Sister Ottavia Salina is a doctor of paleography, the director of the Vatican's Classified Archives, and a member of the Order of the Blessed Virgin Mary. She spends her days interpreting centuries-old documents only a handful of people have ever seen. When the body of an Ethiopian man covered with tattoos of crosses and Greek letters is discovered, the Vatican summons Dr. Salina to a private meeting. Given only the sparest of details about the events surrounding the Ethiopian man's death, Ottavia is ordered to discover the origins of and meaning behind the strange tattoos. There to help her with her interpretation are Captain Glauser-Röist ("The Rock," as Ottavia calls him, is the captain of the Vatican's elite Swiss Guard) and Farag Boswell, a half-English, half-Arabian archaeologist working in Alexandria.

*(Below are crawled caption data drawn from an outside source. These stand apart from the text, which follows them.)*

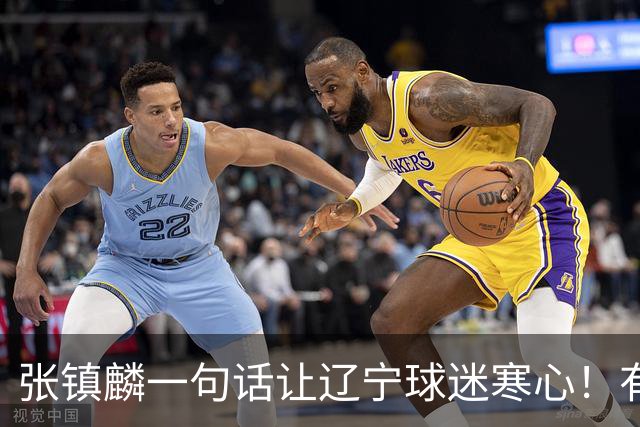 张镇麟一句话让辽宁球迷寒心！有些话不能说得太直白，耗子尾汁吧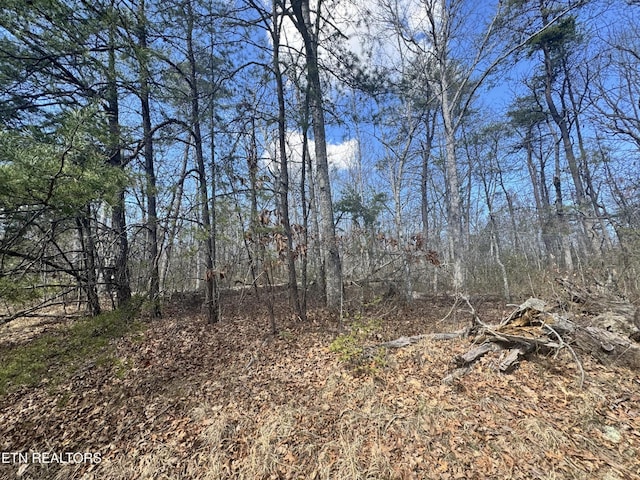 0 Divide Trl, Monterey, TN 38574 - photo 5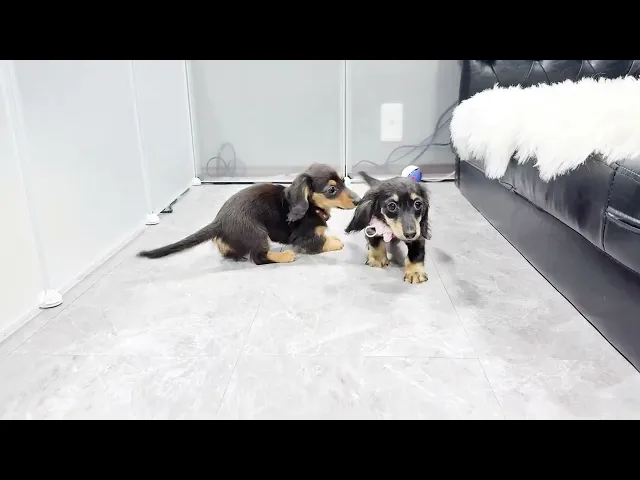 動画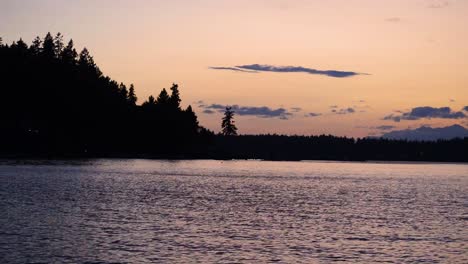 Golden-hour,-silhouette-of-pine-trees-and-glistening-water-during-sunset,-orange-glow,-reflections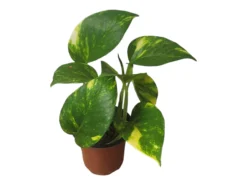 Pothos Giant Hawaiian - LIVE 4" Potted Plant - Epipremnum Hawaiian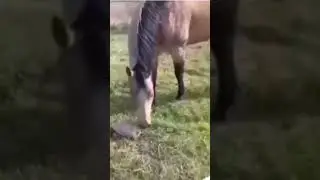 СТРАШНАЯ ЧЕРЕПАХА!Лучшие, смешные и забавные приколы с животными!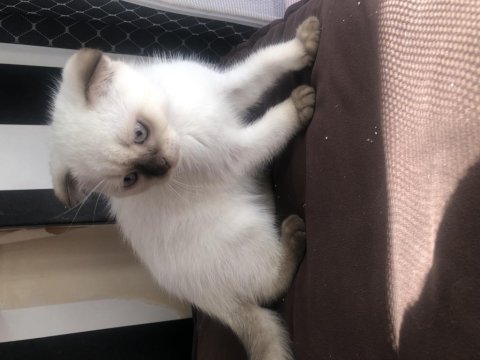 3.5 aylık kedimiz yeni yuvasını arıyoruz
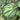 Meijia 84-24 Hybrid Watermelon, 30 Seeds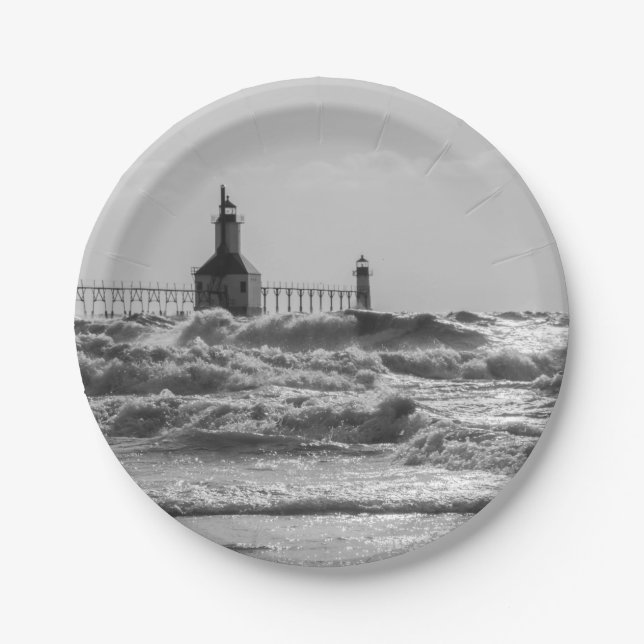 Beauty And Force Grayscale Paper Plate (Front)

It isn't long before the trio discovers that the strange tattoos of crosses and Greek letters link the corpse to the Staurofilakes, a secret brotherhood dedicated to protecting the "True Cross," the cross on which Jesus Christ was crucified. Over the years, fragments of the Cross have passed out of their reach, to churches all over Europe. Now, the Staurofilakes are stealing the fragments of the Cross back, using any means necessary to fulfill the long-ago oath they made to protect it. One of the Staurofilakes' most prominent members was Dante Alighieri, and Ottavia and her team soon realize that Dante hid secrets about the Staurofilakes in the text of 'The Divine Comedy,' his greatest work. These secrets will take Ottavia, The Rock, and Farag through the seven levels of Purgatory (each level representing one of the seven deadly sins) and to seven ancient cities in Europe (Rome, Pride; Ravenna, Envy; Jerusalem, Anger; Athens, Sloth; Constantinople, Greed; Alexandria, Gluttony; and Antioch, Lust). If they can survive the Staurofilakes' tests, they will earn entrance into the Earthly Paradise--and hopefully discover the whereabouts of the missing True Cross for the Vatican.

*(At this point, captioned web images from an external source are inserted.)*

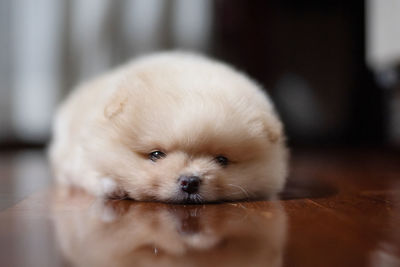 Close-up portrait of a small light brown pomeranian puppy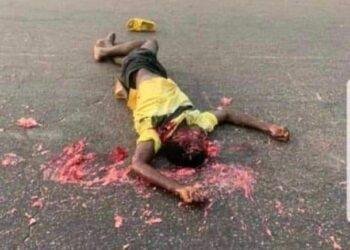 Trailer Crushes Man to Death in Delta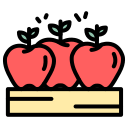 fruta de manzana icon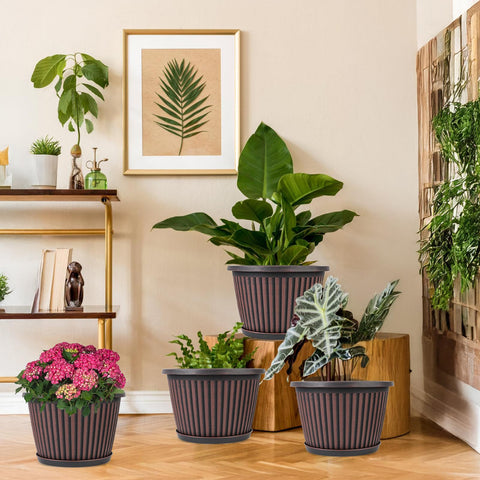 Myfeegoin recyclable polypropylene pots are lightweight yet sturdy.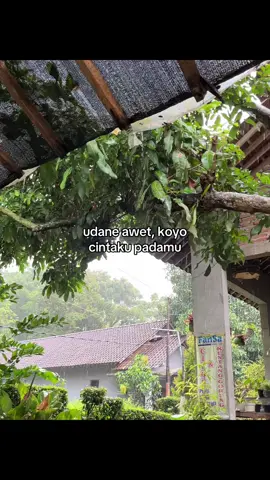 tapi koe ora cinta🙂‍↔️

That being said, the book has a comment on the front cover stating: "this book does for Dante what Brown's novel did for da Vinci." What caught my attention really was the bold lettered text above the front cover saying ~INTERNATIONAL BESTSELLER~. I gave this a three star because of a very weak translation. Though well- researched and densely plotted, the story telling itself lags sometimes.

The truth of the matter really is that I may well be categorized as one of those people who has grown tired of biblical mystery themed literature. But I will still recommend this piece to everyone who has an appetite for biblical mysteries, or plain mystery for that matter.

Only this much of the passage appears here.